I'd like to not be logged out every time I leave the webpage!


----------



## PillarofBalance (May 1, 2012)

Spear said:


> I'd like to not be logged out every time I leave the webpage!


 
Then click the remember me box before logging in.


----------



## Spear (May 1, 2012)

PillarofBalance said:


> Then click the remember me box before logging in.



 I do, but every time I close the webpage and come back I have to log in again. Maybe it's because I use google chrome?


----------



## Cobra Strike (May 3, 2012)

I just learned something on this site. I dont like being limited to giving out rep points. Now giving them out to the same person to soon I can understand...but I dont like the 24hr time frame


----------



## LeanHerm (May 3, 2012)

I'm with cobra on this


----------



## Georgia (May 4, 2012)

Agreed Cobra. If someone makes a great post I don't want to have to rep dimwads like Herm who make useless stuff just to rep the person I wanted to rep all along because it was worthy of a rep! Ya know brah yeah welcome to BB.com u mad brah!? REP REP REP! NEG'D BITCHES!!!

jk Herm you're sexy


----------



## Pikiki (May 4, 2012)

Cobra Strike said:


> I just learned something on this site. I dont like being limited to giving out rep points. Now giving them out to the same person to soon I can understand...but I dont like the 24hr time frame



X2 we should be able to rep someone when it deserve it for a post, not wait 24hrs to post if already rep someone else that day.


----------



## SFGiants (May 4, 2012)

Keep the trash out and those that follow them!

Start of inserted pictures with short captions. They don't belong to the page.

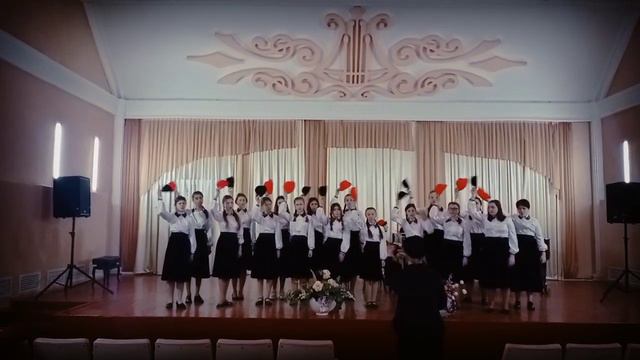 Хор учнів старших класів,, КЗСМО Музична школа 1,, Hats,,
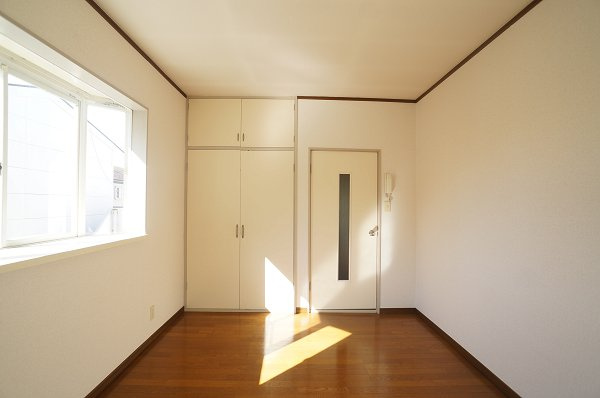 ツインコーポ谷津Ｂの寝室|白基調のキレイなお部屋です♪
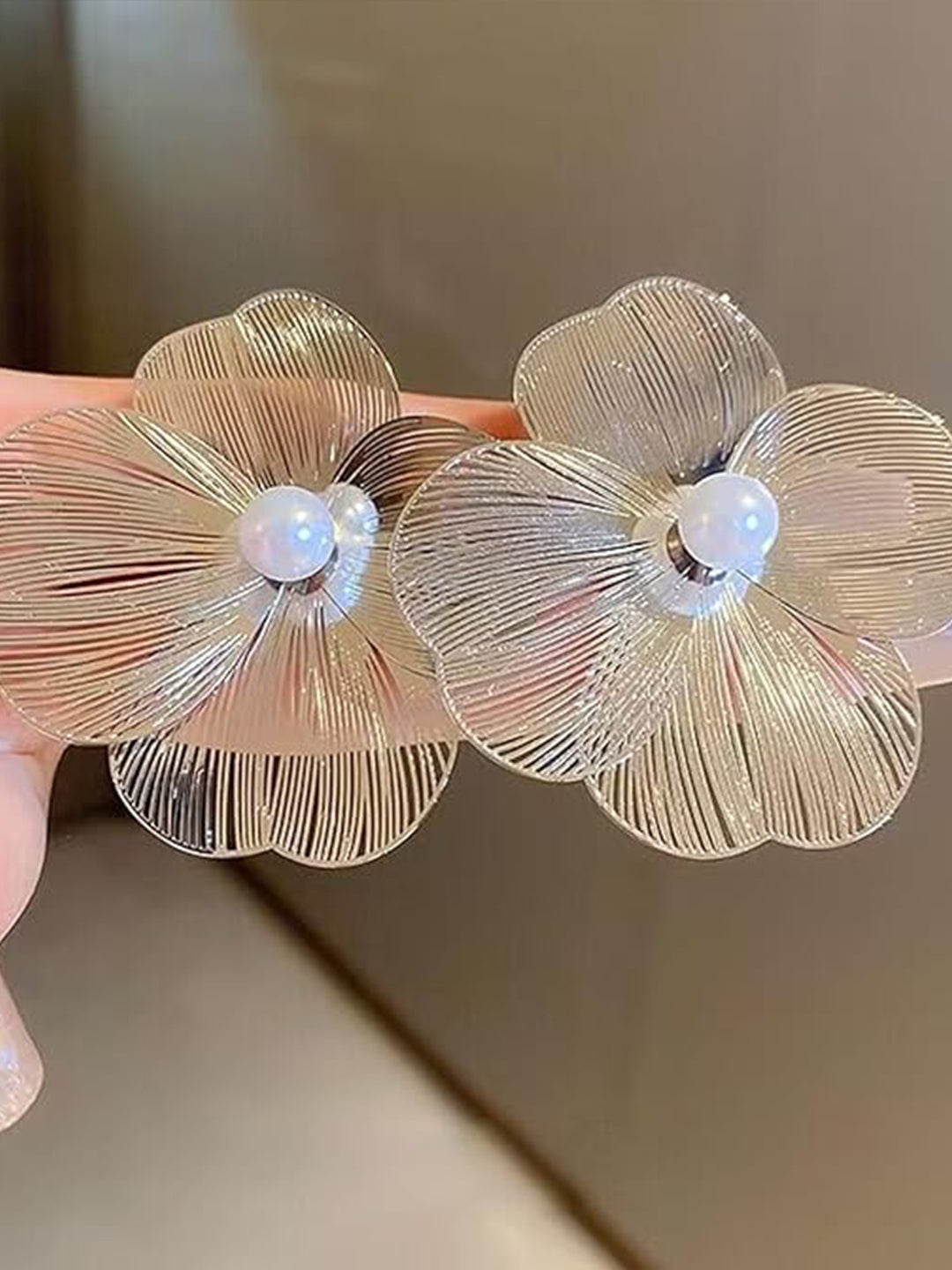 Petal Flower Earrings | 2 Colors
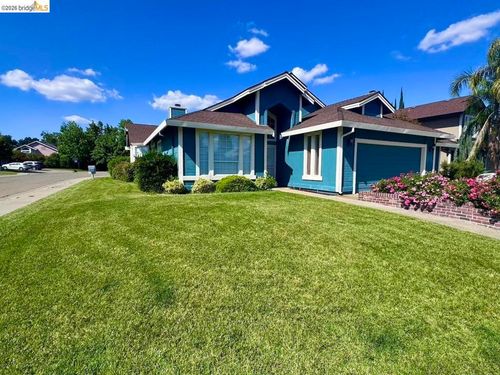 5001 Meadow Pass Way, Antelope, CA, 95843-5842 | Card Image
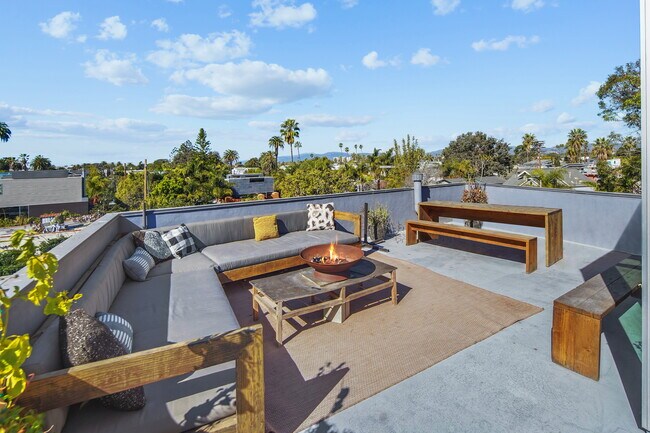 Building Photo - 1564 Cabrillo Ave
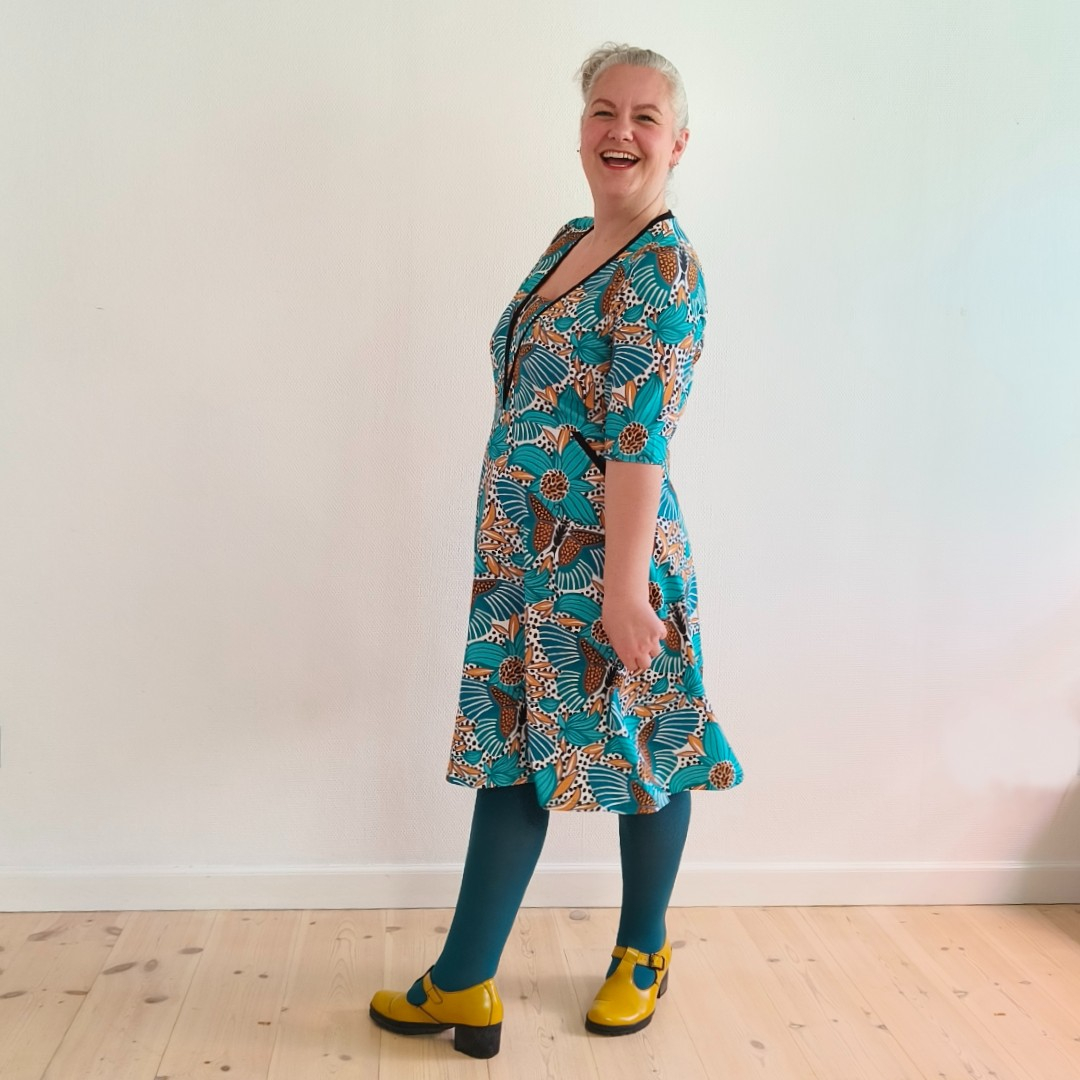 Ama Turquoise Butterfly – Et vingesus af turkis elegance. En kjole fra Amamiko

I don't car if you got 30 years (Vetness <==== New Word) in you if your trash and people praise that trash then they don't belong.

Most these morons self proclaiming saviors of the community and doing what's best for the community are the very worst thing in the community!

Joe Blow knows his shit but treats people like shit even then new he is attacking all he can in his path, How good is that?

They hate on you because they ain't you!


----------



## Zeek (May 4, 2012)

Mrs P said:


> Maybe we can add a BB recipe forum, I know we have the diet forum, but most boards have a recipe forum.
> 
> and we need better smilies, me love smilies



 smiles and a recipe forum, both great ideas!



Spear said:


> I do, but every time I close the webpage and come back I have to log in again. Maybe it's because I use google chrome?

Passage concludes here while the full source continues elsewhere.